A China se propõe a construir um gigantesco complexo de ferrovias, gasodutos e oleodutos, que serviria como rota alternativa de comércio: a chamada nova Rota da Seda, que vai de Moscou até Beijing, passando por muitos países, com resultados imprevisíveis na economia e na geopolítica da Ásia.
Se a China não é páreo para o poderio da Marinha americana em nível global, é relativamente mais fácil para ela manter uma presença considerável em uma superfície marinha costeira ao país. Para tal, está investindo pesadamente em novos barcos e submarinos e sua principal base de submarinos está em Hainan e está tentando fazer com que ela tenha saídas não detectadas até o Pacífico, o que lhe daria nova abrangência geográfica.

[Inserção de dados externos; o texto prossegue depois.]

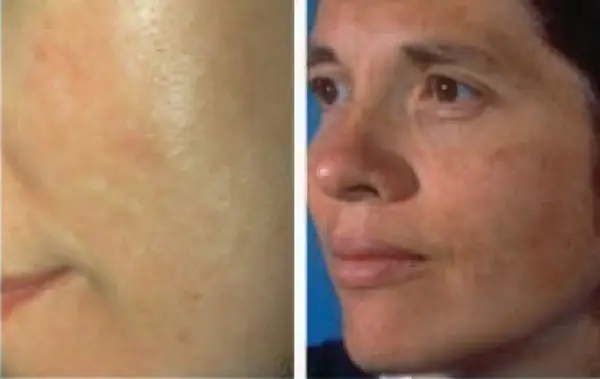 Sfaturi pentru pacienti cu melasma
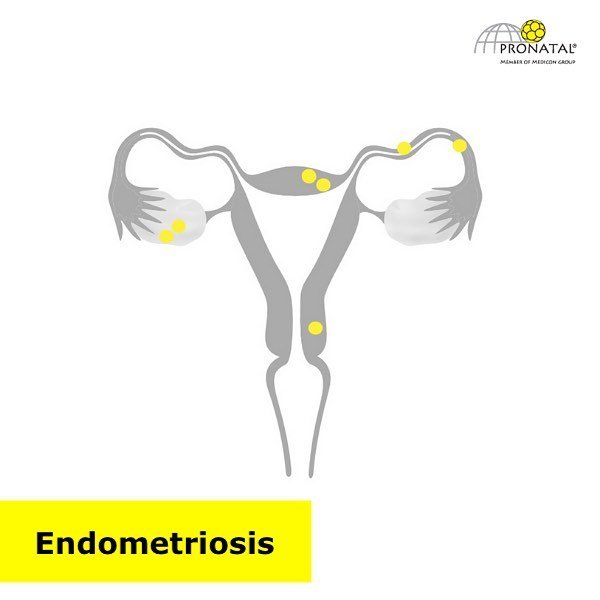 PRONATAL Plus - PRONATAL Plus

O poderio militar americano continua incomparável, mas a sua relativa decadência econômica percentual, o aumento da competição internacional e o surgimento de potências regionais e mesmo globais como a China tornam mais difícil que possa fazer valer seu peso em várias regiões decisivas do mundo ao mesmo tempo. O atoleiro em que estão involucrados no Oriente Médio, impede que consigam se concentrar totalmente em sua nova prioridade.
O Mar do Sul da China é um foco de grandes tensões
Por essas razões, a região passa por demonstrações de força militar, controlados e sem conflito aberto, até agora pelo menos. Por exemplo, a Marinha americana realiza as chamadas Operações de Liberdade de Navegação, em que seus navios entram no espaço reivindicado pela China, sendo acompanhados pela Marinha chinesa, sem que haja confronto. Em várias ocasiões, o mesmo procedimento pelos vietnamitas e filipinos causou uma reação muito mais enérgica por parte dos chineses.

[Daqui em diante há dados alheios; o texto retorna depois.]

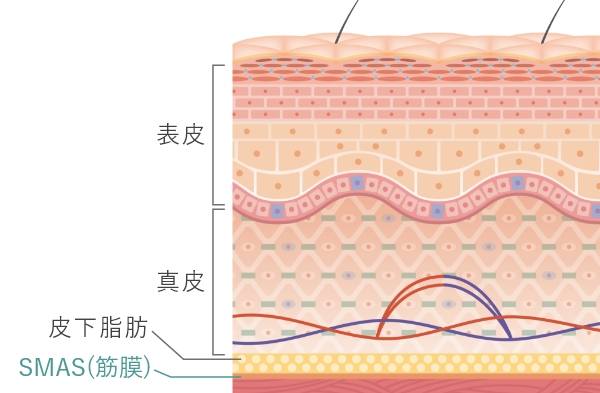 糸リフトの確かな技術力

Mesmo que não se possa prever com certeza, a militarização dessa região marítima e a multiplicidade de atores e conflitos interligados são ingredientes para conflitos militares mais intensos. Ainda mais em uma situação mundial de fraca recuperação da economia, aumento da competição inter-imperialista e de multiplicações de crises políticas nacionais e regionais.